Astronomers Simulate 24 Planets Orbiting in Unison Like Pearls on a String.
Earth and seven other planets revolve in our Solar System, each following its own unique orbit. However, other star systems may host two, three, or even 24 planets trailing each other along the same orbit around their host star, as reported by Popular Science on May 3rd.
The number of planets sharing the same orbit around a host star can reach 24. (Image: BBC).
A computer simulation by a team of international astronomers illustrates how more than twenty planets can share the same orbit, as detailed in a study published in the Monthly Notices of the Royal Astronomical Society.

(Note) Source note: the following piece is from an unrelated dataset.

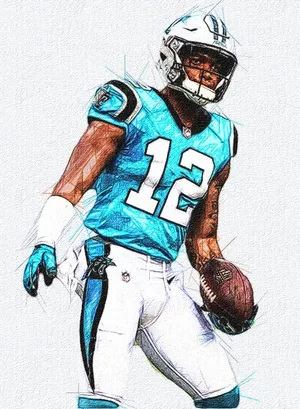 American Football Player Dj Moore Art Wallpaper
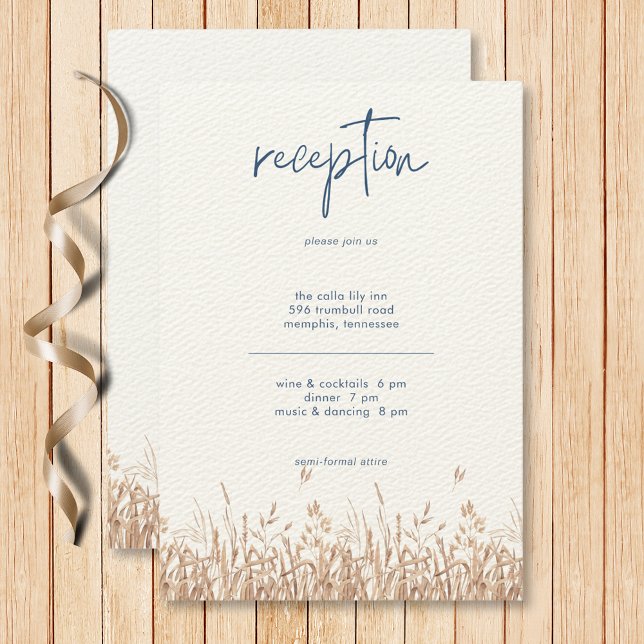 Flores azules y trigo Campo recepción moderna (Blue Cornflowers & Wheat Field Modern Reception Enclosure Card)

This configuration could remain stable for billions of years, possibly even longer than the star they orbit, according to lead researcher Sean Raymond at the Bordeaux Astrophysics Laboratory.
There are several examples of small celestial bodies sharing an orbit. Our Solar System features some unusual orbits known as horseshoe or tadpole orbits, depending on their shapes. The Trojan asteroids share a tadpole orbit with Jupiter at points ahead of and behind the gas giant. Two of Saturn’s moons, Janus and Epimetheus, orbit the planet in a horseshoe pattern and periodically swap positions. Therefore, researchers suggest that there may exist exoplanets that share the same orbit.
Raymond and his colleagues’ simulations also revealed that co-orbiting planets exhibit distinctive signals that astronomers on Earth can observe. The Kepler Space Telescope and several other observatories can detect Transit Timing Variations (TTV), where the gravitational pull between nearby planets slightly alters when they pass in front of their host star. TTV from a star system containing 24 Earth-sized planets sharing the same orbit would be significant enough for astronomers to observe. However, it would take months to years of monitoring to detect such effects, according to astronomer Rob Zellem at NASA’s Jet Propulsion Laboratory.